Sepinwall noted that the distinctions are more subtle and difficult to grasp that many may have thought initially. “I want to allow that whatever the baker is producing might not have the kind of expressive content that a poem would have or a portrait of a couple would have and yet at the same time, to recognize that there is something expressive in any good or service,” she said.

She pointed to the hypothetical example of an African American baker being asked to bake a generic cake for an event organized by the Ku Klux Klan. “I think I have a reason not to want to supply that cake, and it’s not because of anything the cake in its own right is going to express,” she said. “Instead, it’s about what I’m going to be expressing in having provided the cake, namely that I don’t think that this is event is so worthy of my opposition that I should forego the sale.”

Many people would have good reason to not want to be fostering or contributing to an event they oppose, she added. “Then the question becomes what events the government should treat with sympathy, in which of these cases of opposition should the government say, “Look, we see you oppose the event and we’re not going to compel you to provide the good or service.”

In her work, Sepinwall has tried to articulate a distinction that would allow for some refusals “where the good or service is sought for a project that promotes hate.” She noted that there were cases in Colorado cited in the Supreme Court opinion in which a religious customer entered bakeries and asked for cakes with anti-gay messages. The bakers refused to provide the cakes in all three cases.

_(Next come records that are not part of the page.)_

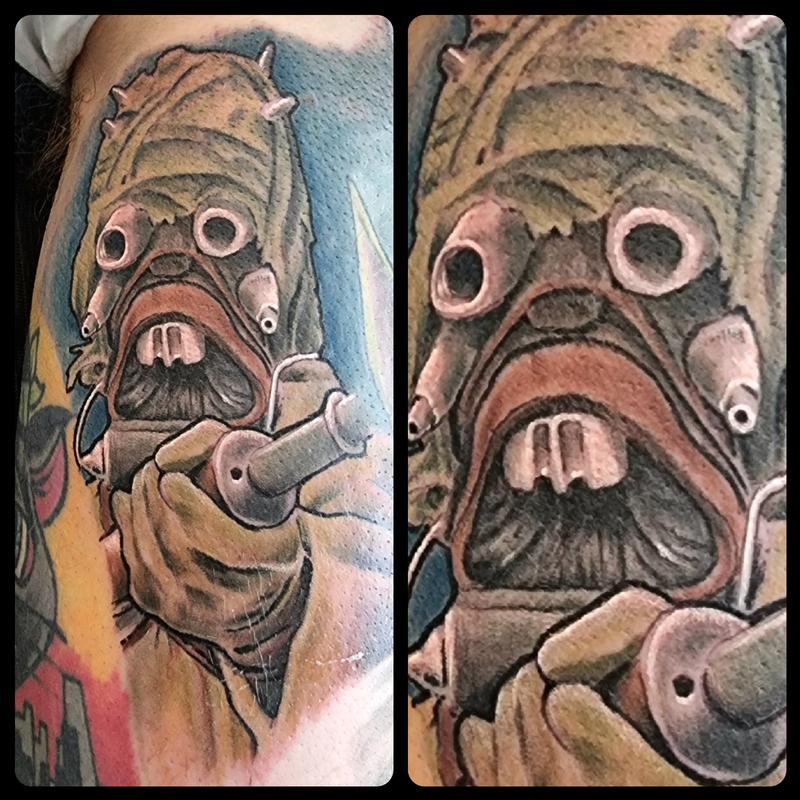 Tusken Raider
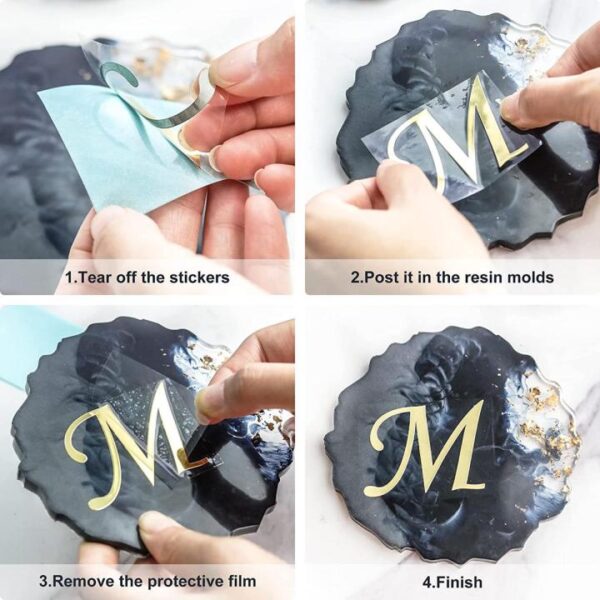 Vinyl Stickers
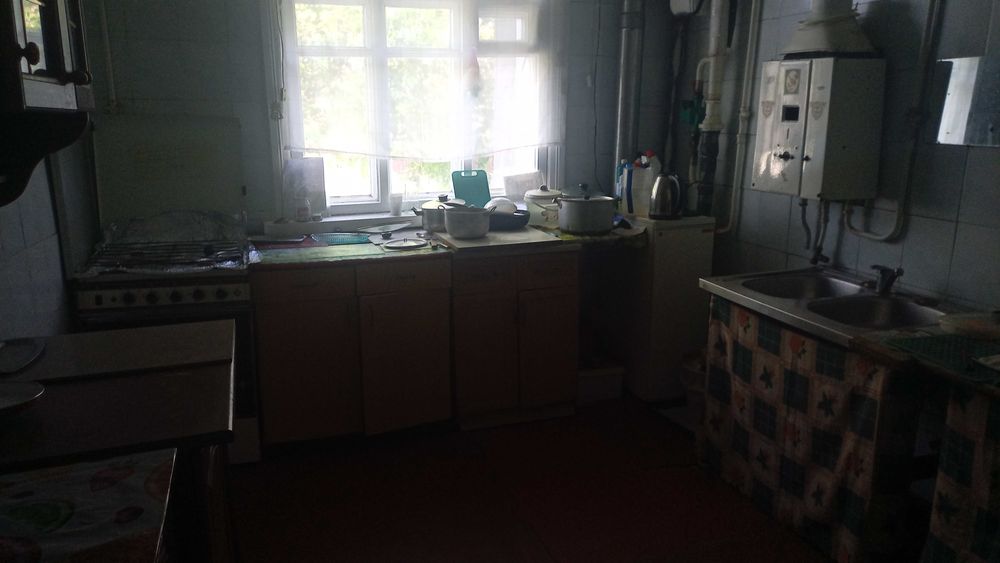 Здам величезну кімнату 25 м2 під Києвом.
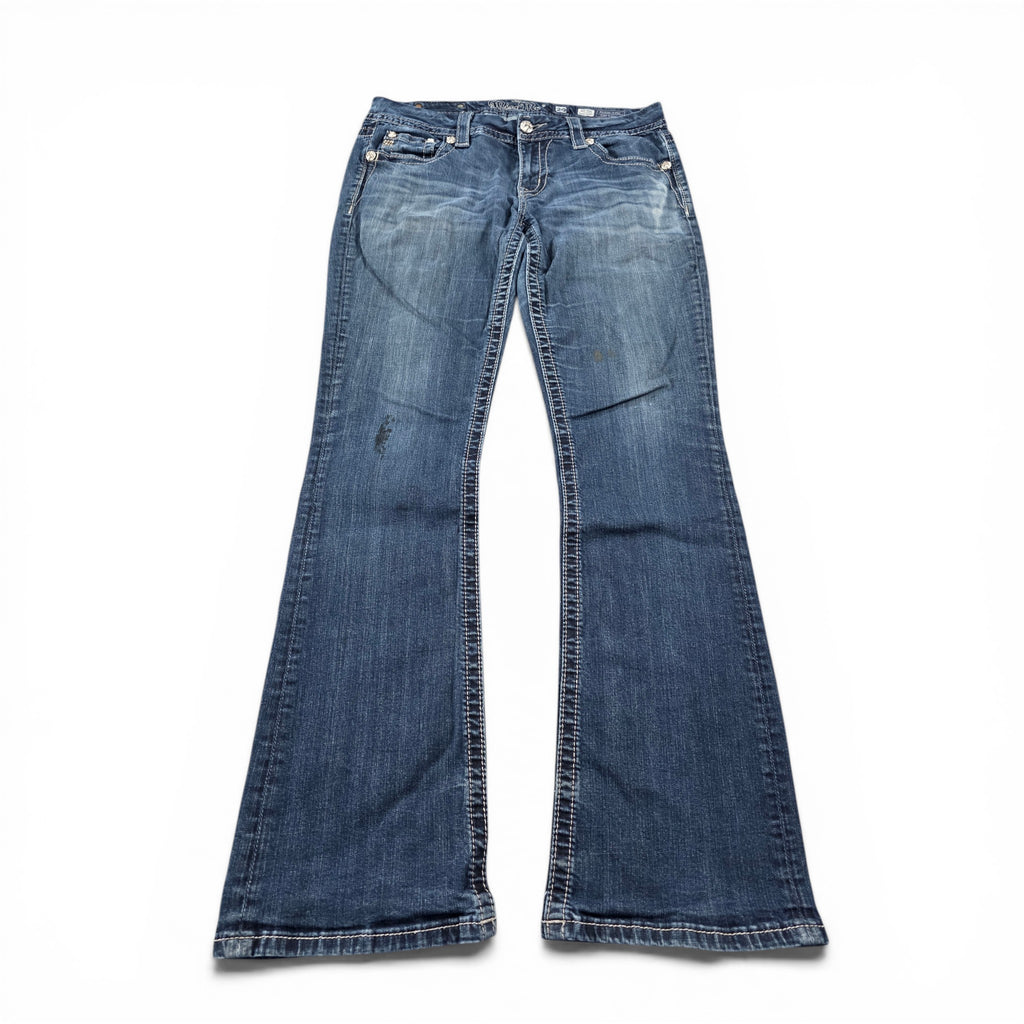 Miss Me Bootcut Women Jeans (M)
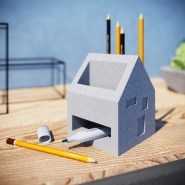 Моделирование бетонных изделий 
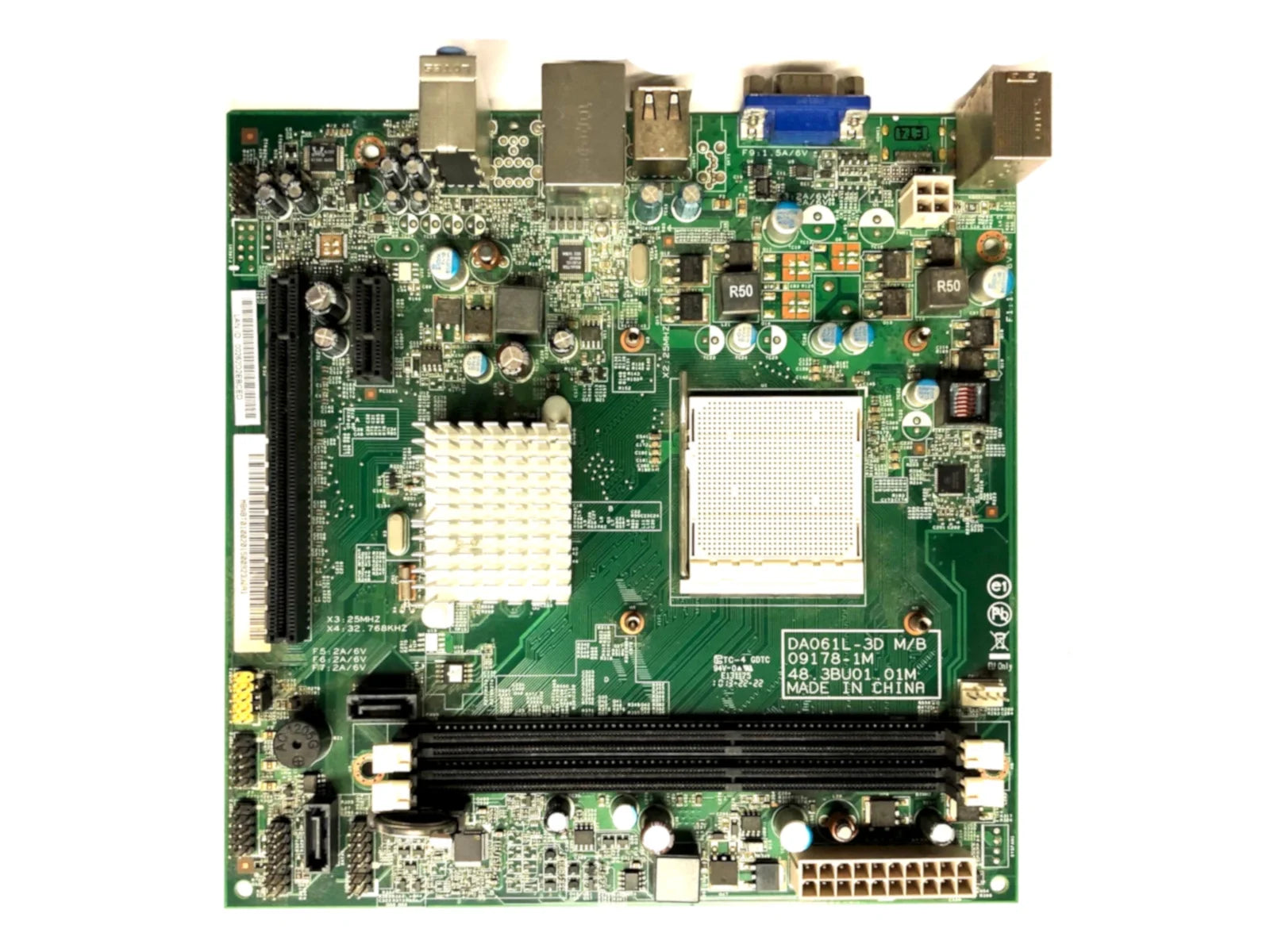 MB.NBT01.002 Acer eMachine EL1352 AMD AM2 DDR3 Motherboard
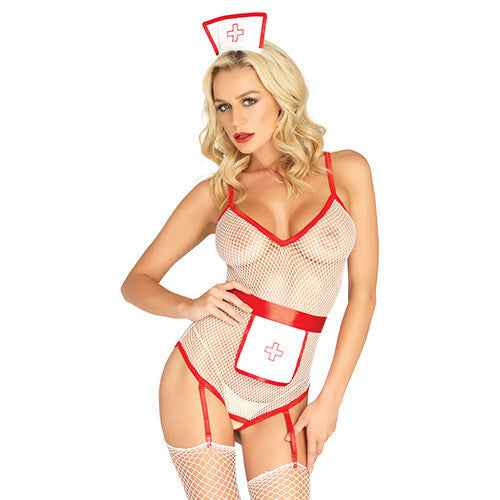Costume sexy nurse
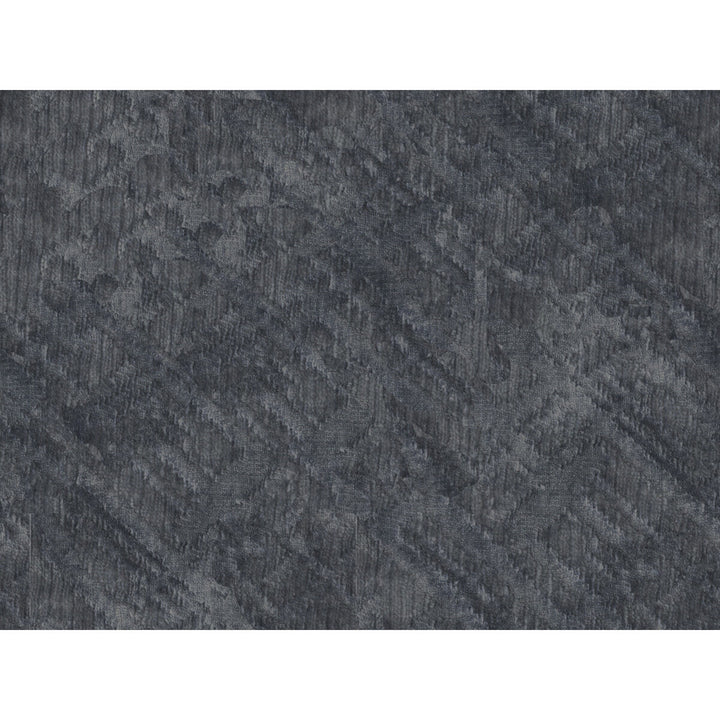 Cross The Line Pewter by Kravet Couture Fabric - VISCOSE - 58%;COTTON - 42% Italy HEAVY Horizontal: - and Vertical: - 55 - Fabric Carolina -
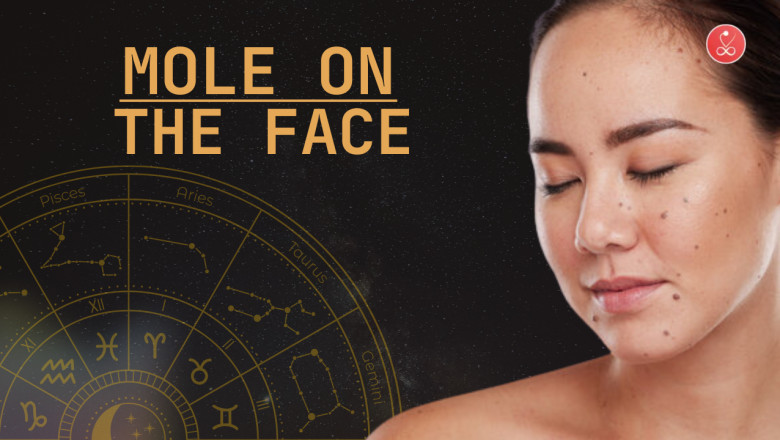 Mole on the Face: Meaning, Significance &amp; Personality Traits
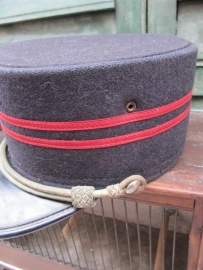 Brocante cap of the waterworks of Wallonia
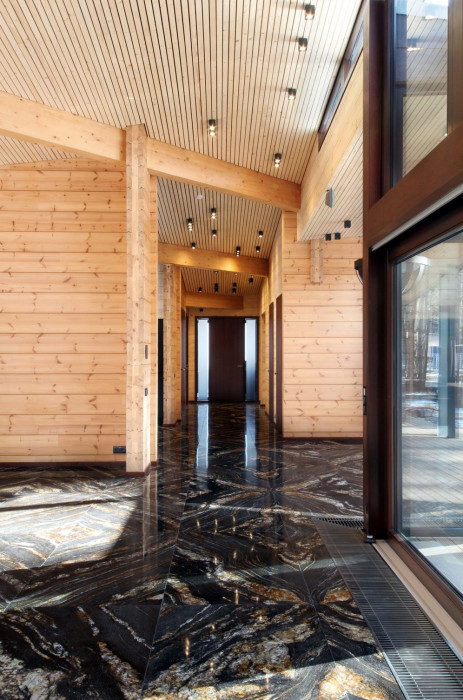 Residence RR - Honka Kersko, monom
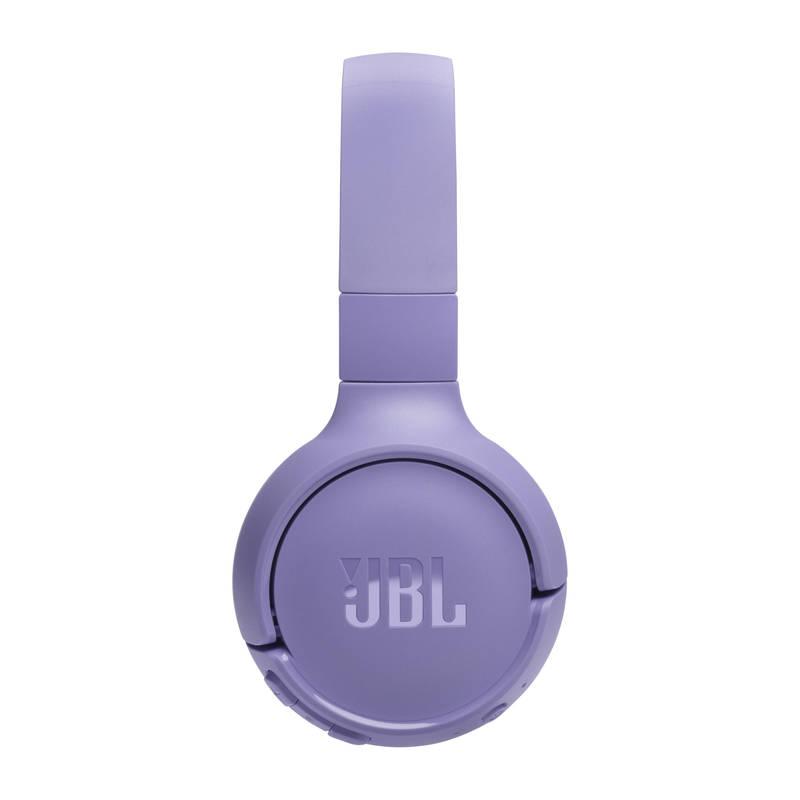 Sluchátka JBL Tune 520BT fialová, Sluchátka, JBL, Tune, 520BT, fialová
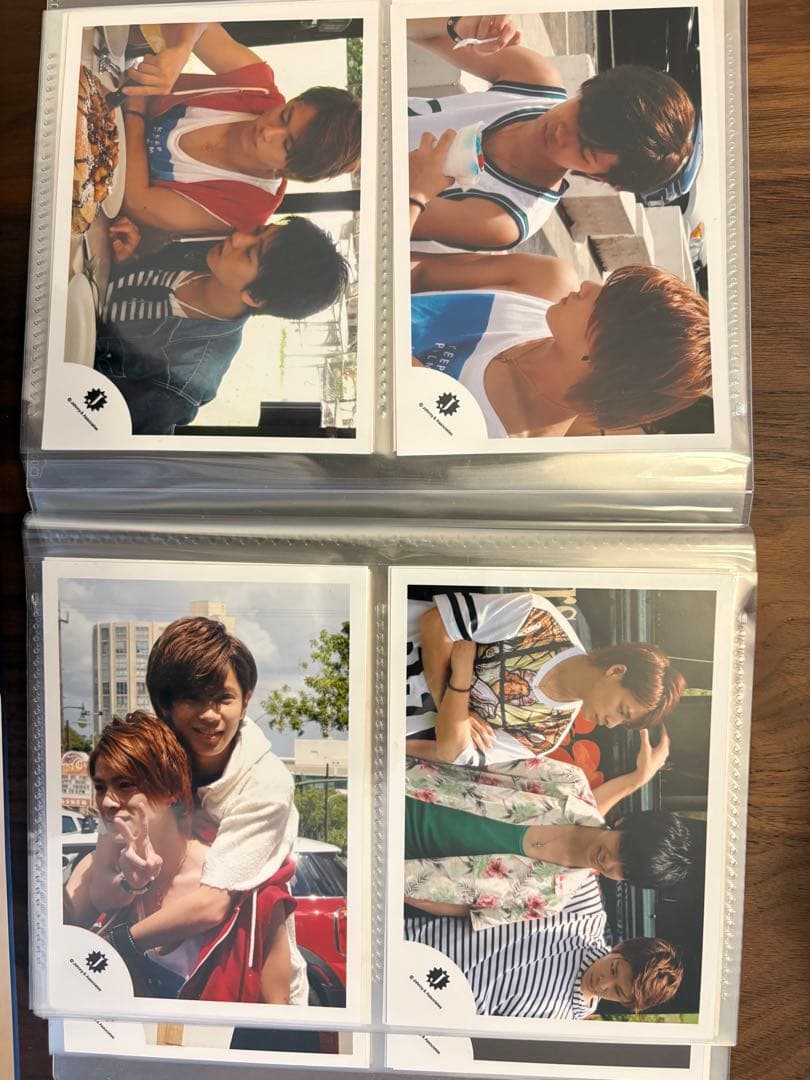 【ハル】平野紫耀写真 纏め売りKing &Prince Number_i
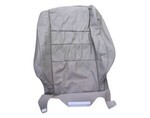 4811TA5A52ZB - : Cover Set, R Trim *NH686L* (Leather) (Warm Gray) for Honda Image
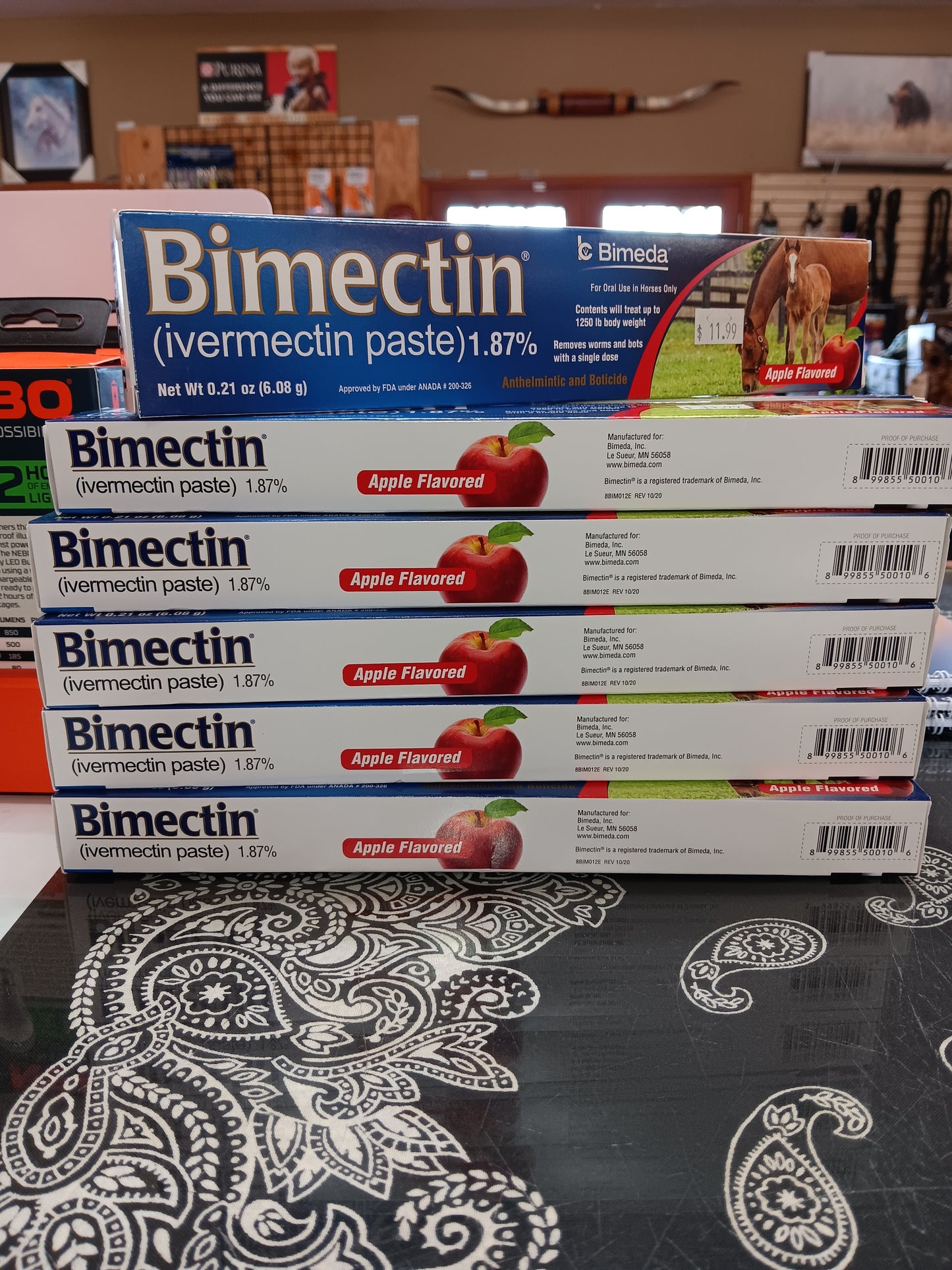 Bimectin (Ivermectin)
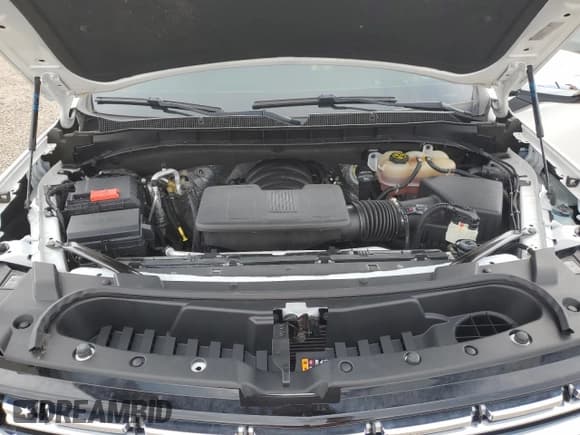 ✅ 2023 Chevrolet Tahoe Premier • VIN: 1GNSKSKD0PR217513 • Лот: 54702845. Опубликован ранее на Copart с пробегом 55 424 миль. Бесплатный доступ к архиву аукционных продаж из США и подробный отчёт об истории автомобиля на DreamBid. Изображение 12.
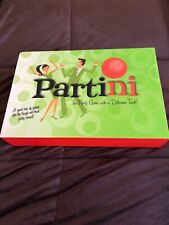 Partini game for sale  Marblehead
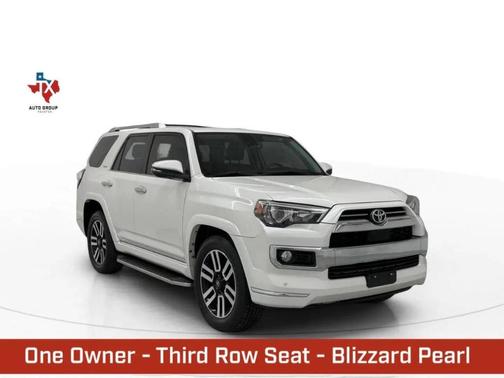 2020 Toyota 4Runner Limited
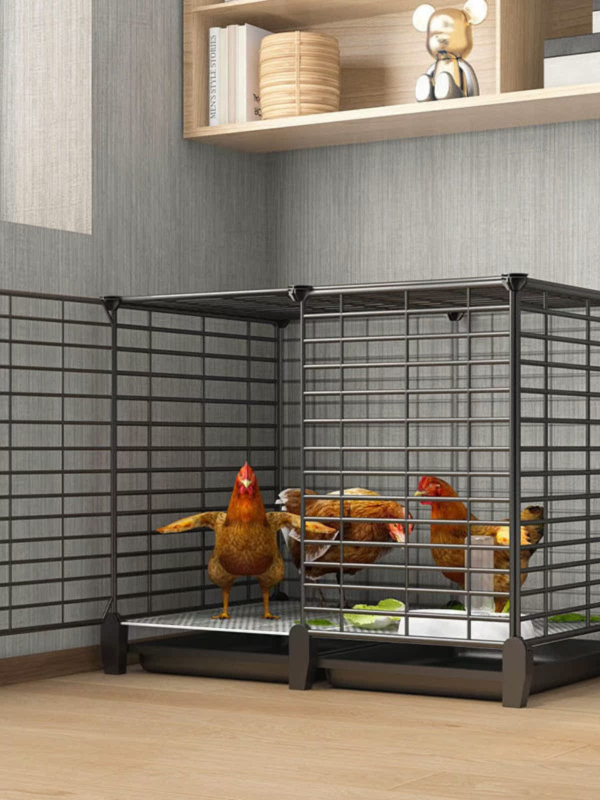 Csirke ketrec, kültéri nagy, vidéki tenyésztésre, esőálló kialakítás, belső etetődoboz (Anyag: Egyéb; Importált: Nem; Termékkategória: Egyéb; Márka: Egyéb; IP engedélyezve: Nem)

“We as a society have decided that there are some forms of discrimination that there is a clear consensus about within a community and that we think at least we can … draw these workable distinctions [for].”  –Tobias Barrington Wolff

“They didn’t do so because they were discriminating against the customer on the basis of religion; they did so because they, I think, rightfully recognized that the cakes were offensive,” she said. “I think that’s a really reasonable ground upon which to distinguish what these three bakeries were up to versus what Jack Phillips was up to.”

Wolff noted that the questions that have come up surrounding this case and others like it are not unique and have long been debated in other settings. “We as a society have decided that there are some forms of discrimination that there is a clear consensus about within a community and that we think at least we can … draw these workable distinctions [for],” he said.

But he added that such cases can still be difficult to decide based on the facts. “They are tough questions. These cases have brought a renewed focus on the fact that these are sometimes hard cases,” he noted. “But it would be a mistake to think that therefore what that means is that we just have to have these broad exemptions that allow businesses to turn away whomever they want to, because how can we draw these distinctions? These are the distinctions that we’ve always had to try to draw in administering these really important laws.”

The Supreme Court ruling doesn’t say anything about the right of businesses under the Constitution to turn customers away. What the Phillips case adds to the conversation, Wolff noted, is to say, “Where there’s a dispute about whether a business improperly turned a customer away, they need to have a neutral and unbiased tribunal decide that question.”